HABLA, AMA, PERMANECE. (DOM. V de Pascua)

Cuanto yo tenía entre 13 y 16 años no hablaba de otra cosa que de coches. Me apasionaba leer la sección de “motor” en las revistas y periódicos de la época, las recortaba y coleccionaba. A veces también en la televisión buscaba algún programa que hablara de eso, aún no había muchos. Y obviamente hablaba mucho de eso, hasta cansar a mis familiares y amigos. Y es que ya lo dice el Evangelio: “de lo que rebosa el corazón habla la boca” (Lc 6, 45). Y quiso Dios rescatarme de esa pasión y llevarme a prados más amplios y verdes, los de la fe. Salvando las enormes distancias, algo similar le ocurrió a San Pablo, los discípulos no se fían de él, porque conocían su pasado violento y perseguidor, su pasión anterior. Pero Él les habló de su encuentro con Cristo y de su predicación. Hasta dos veces señala Hechos que Pablo había “predicado públicamente el nombre de Jesús”. ¡qué importante es decir el nombre de quien se ama! Porque de lo que rebosa el corazón habla la boca. Y, si no hablamos, ¿por qué será? ¿miedo? ¿vergüenza? ¿o falta de amor? ¿falta de conocimiento?

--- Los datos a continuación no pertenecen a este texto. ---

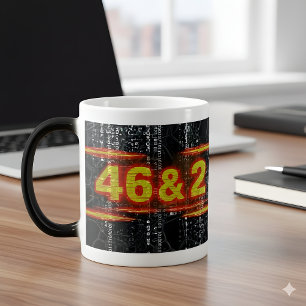 Caneca de Sinal Cyberpunk 46 & 2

Para hablar de Jesús, de su importancia en nuestra vida, primero hay que hablar con Jesús. Tener encuentros de calidad y calidez en nuestra vida. Porque, ¿cómo vamos a amar aquello que conocemos poco y a lo que poco tiempo dedicamos? El amor debe ser cuidado, mimado, atendido. Y esto vale para otros amores también. Para hablar -como San Pablo- tengo que estar primero convencido del inmenso valor y bondad de Dios, porque lo he experimentado, lo he sentido, lo he visto, lo he tocado.

Y el amor, así experimentado, se hace concreto. Pide ser traducido a la lengua que todo mortal entiende: las obras. “queridos, no amemos de palabra y de boca, sino de verdad y con obras”. Una fe que no se queda en un plano intelectual, espiritual, sino que se encarna en obras, gestos, compromisos concretos, actitudes, … El amor que Dios nos tiene cubre todas las parcelas de nuestra vida -nada queda fuera- y pide igualmente responderle con todas ellas. No hay -o no debería haber- “resquicios no cristianos”, no configurados desde el Amor a Dios y al prójimo como Ley fundamental.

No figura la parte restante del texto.